The expected answer is a verbatim transcription of the lines below, beginning with the first and ending with the line that holds "The opposite faceplate", without pictures.

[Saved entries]
•••

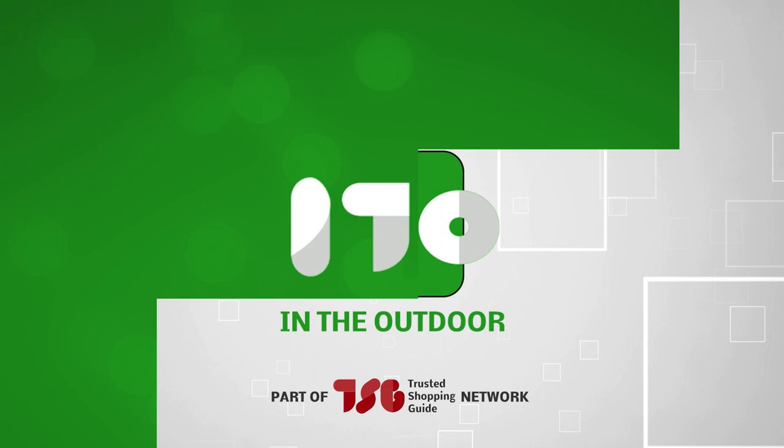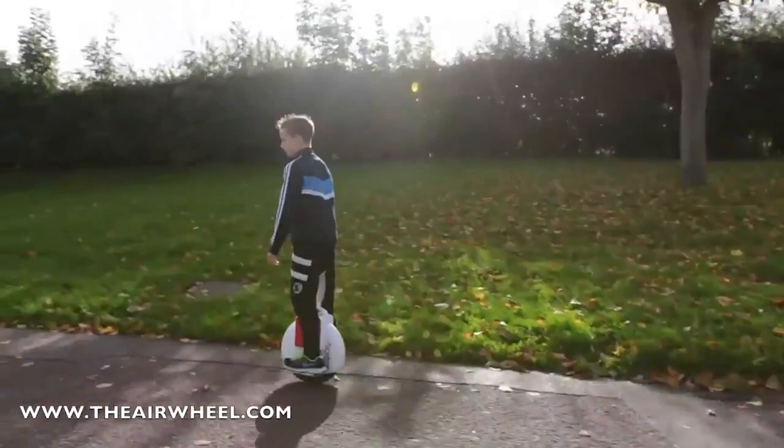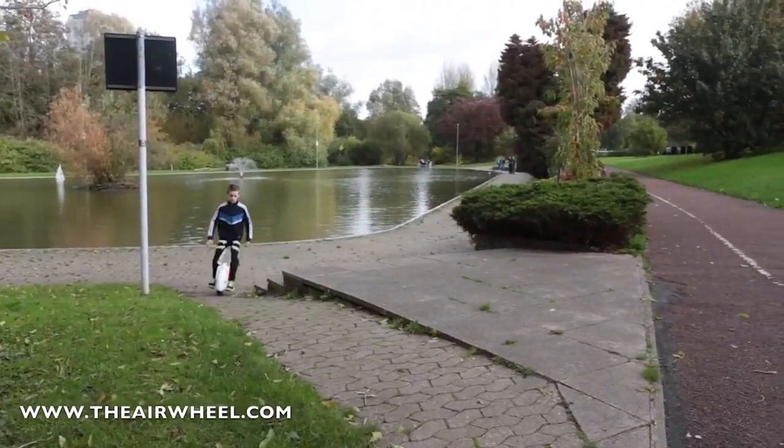Welcome back, guys! We're TrustedShoppingGuy.com, and today we are in the outdoors. In this video, we'll be sharing with you our best electric unicycles. When we say electric unicycles, we're not talking about the ones that you see in the circus. The modern-day electric unicycle is a method of transportation that allows you to get up to high speeds and travel for extended distances while still being eco-friendly. Get ready to redefine your ride with our list of cutting-edge electric wonders.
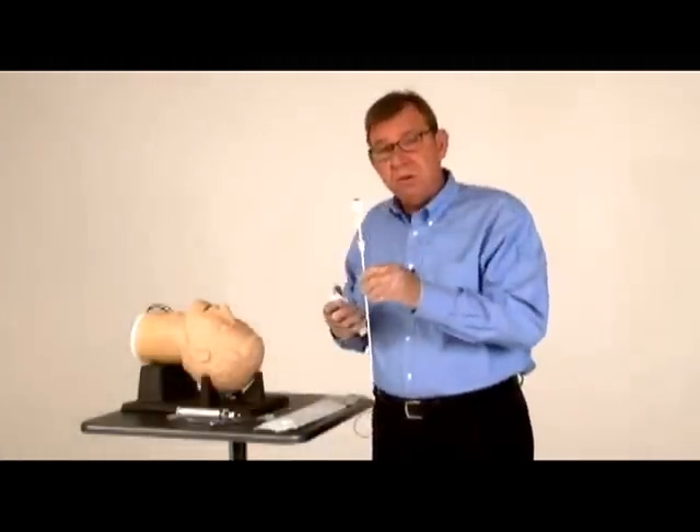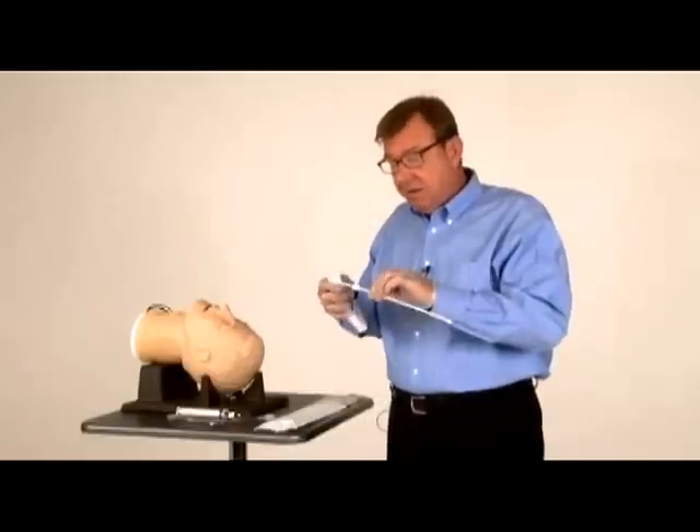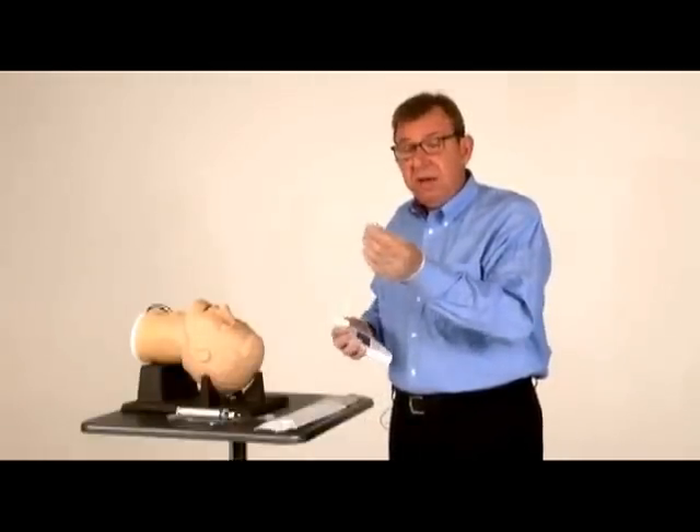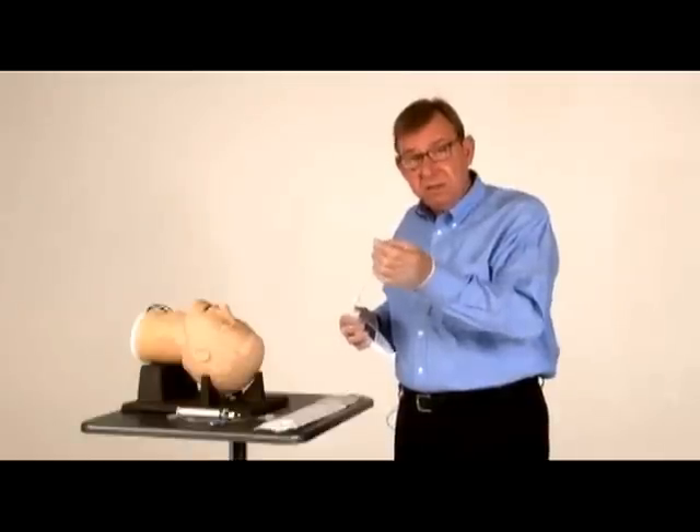The other part is the disposable — this is the video stylet. It has a fiber optic channel that carries light from the handpiece to the tip and a CMOS camera chip in the end of the stylet.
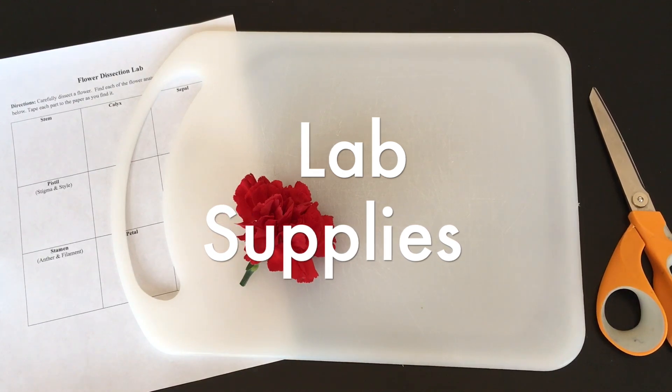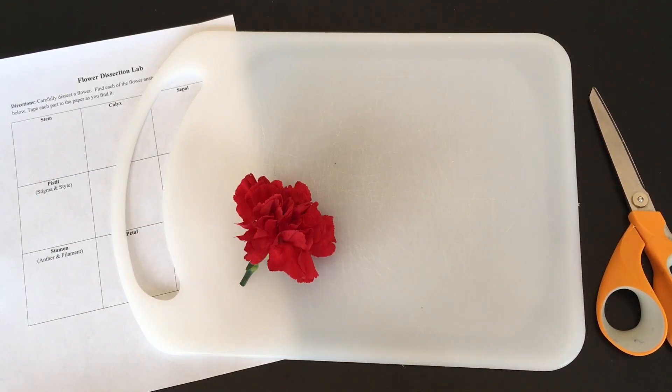Let's start off with supplies. You need a flower for each student or group of students. While all complete flowers will have the anatomy students are learning, there are a few flower varieties that are more user-friendly to see the flower parts easily. Lilies work well. I'm going to be demonstrating with the carnation. I recommend these flowers because they're inexpensive, easy to find from any florist, and very easy to find the anatomical parts. The best news is that your students won't need a scalpel — a pair of scissors is sufficient. So each student has a flower and a pair of scissors, and this flower dissection lab worksheet is also going to be helpful in the lab.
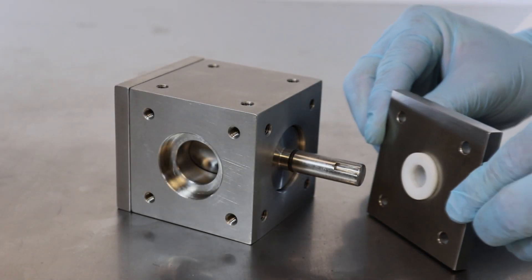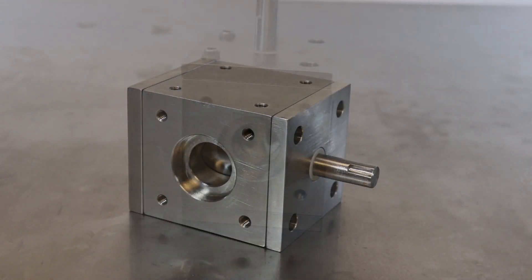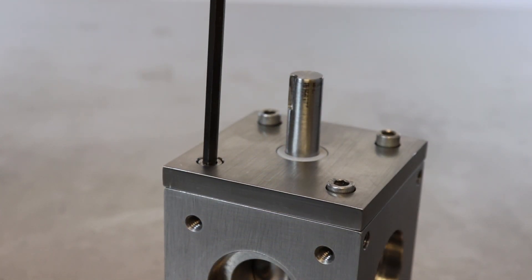The opposite faceplate has a bushing with a through hole to fit over the long rod of the rotary piston. Insert four 1/2-inch, 1/4-20 stainless steel bolts and use a 3/16-inch Allen wrench to tighten them snug.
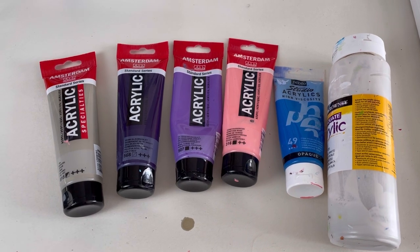Hi everybody, welcome back. My name's Claire. I'm going to do a Dutch pour based on a color I've never used before. I bought it a while ago - Amsterdam pewter. It's a bit of an odd color and it's been sitting on my shelf. I'm going to use it for the base and build a color scheme around it. I've chosen some deep purples, a pinky color, a blue, and pearl white. Let me show you what I've chosen.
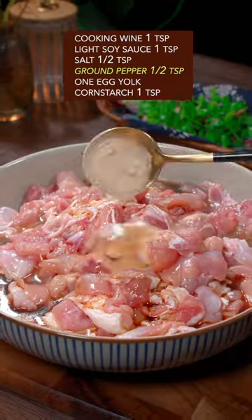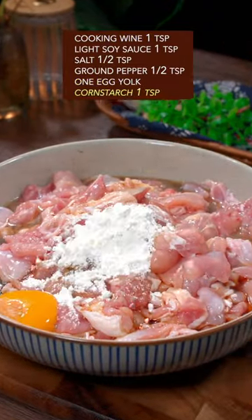Add cooking wine, soy sauce, salt, ground pepper, one egg yolk, and cornstarch. Gently give it a Thai massage.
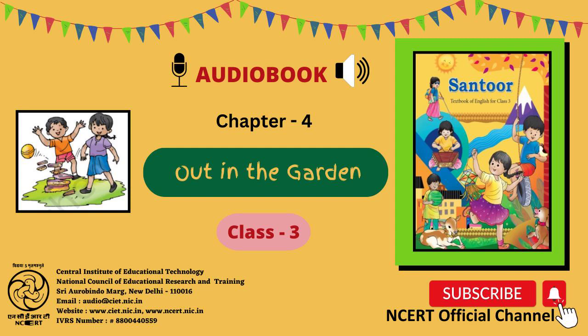Page No. 41. Let us think. A. Answer the following. Question 1: What are the children doing? We play outside. Question 3: What happens if we are not careful while playing outside?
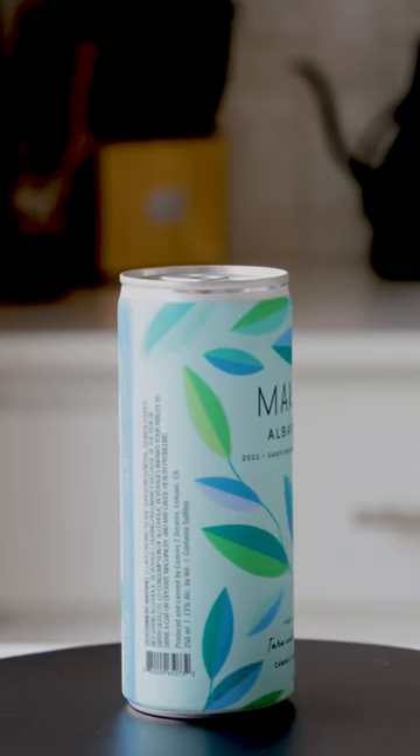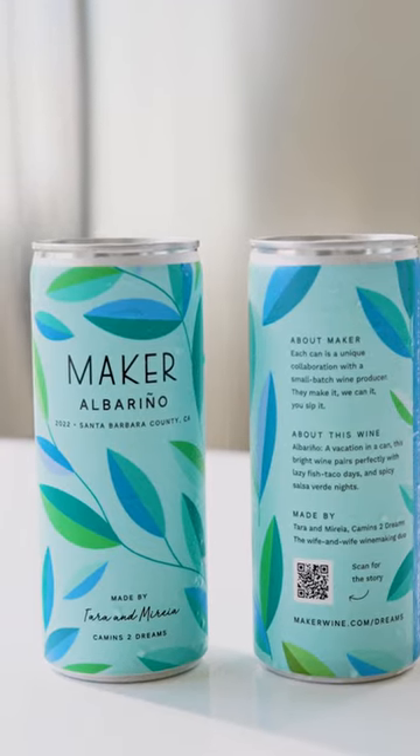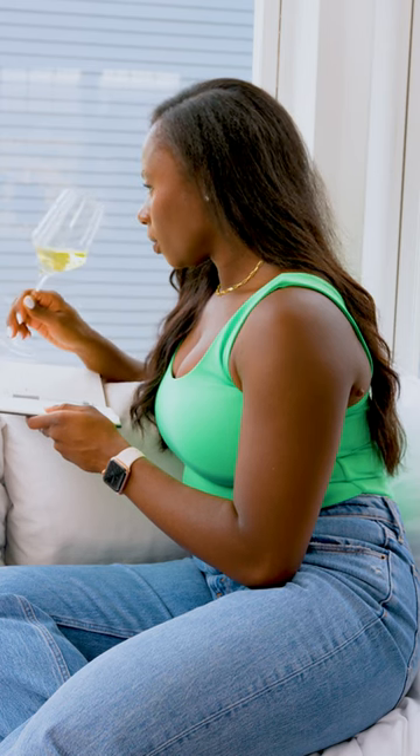Hey guys, it's Whitney, your wine bestie for wine reviews and recommendations. Today we're going to be looking into Maker Albariño, coming to us from Santa Barbara, California. Let's get into it — so on the nose...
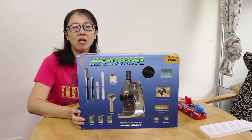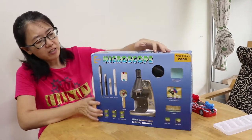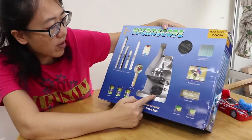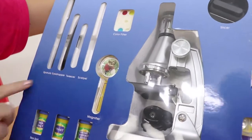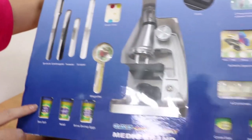Let's unbox this microscope. Let's take a look around. What can we see here? Of course we have the main item — the microscope. And then there's what I think is a magnifying glass, and these are some samples to check under the microscope.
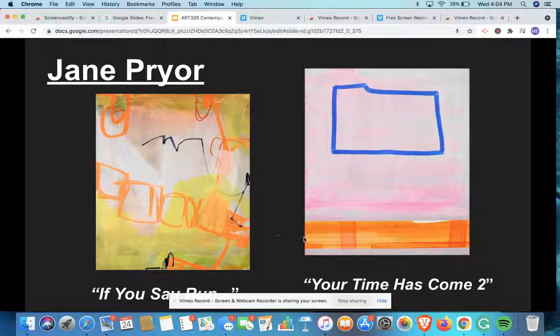And to the right, you can see her other piece titled Your Time Has Come Too, which focuses on this big blue shape against the pink background, which really contrasts against one another. And then she has this orange color at the bottom, so she's still using warmer colors, but then she also has this cool color of blue. This makes me think that she's using this shape to really express how she's feeling on the inside, which is what we're going to be doing while we're working on this community mural.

•••

*SOLUTION TO THIS TASK*.
Welcome back, guys! We're TrustedShoppingGuy.com, and today we are in the outdoors. In this video, we'll be sharing with you our best electric unicycles. When we say electric unicycles, we're not talking about the ones that you see in the circus. The modern-day electric unicycle is a method of transportation that allows you to get up to high speeds and travel for extended distances while still being eco-friendly. Get ready to redefine your ride with our list of cutting-edge electric wonders.
The other part is the disposable — this is the video stylet. It has a fiber optic channel that carries light from the handpiece to the tip and a CMOS camera chip in the end of the stylet.
Let's start off with supplies. You need a flower for each student or group of students. While all complete flowers will have the anatomy students are learning, there are a few flower varieties that are more user-friendly to see the flower parts easily. Lilies work well. I'm going to be demonstrating with the carnation. I recommend these flowers because they're inexpensive, easy to find from any florist, and very easy to find the anatomical parts. The best news is that your students won't need a scalpel — a pair of scissors is sufficient. So each student has a flower and a pair of scissors, and this flower dissection lab worksheet is also going to be helpful in the lab.
The opposite faceplate has a bushing with a through hole to fit over the long rod of the rotary piston. Insert four 1/2-inch, 1/4-20 stainless steel bolts and use a 3/16-inch Allen wrench to tighten them snug.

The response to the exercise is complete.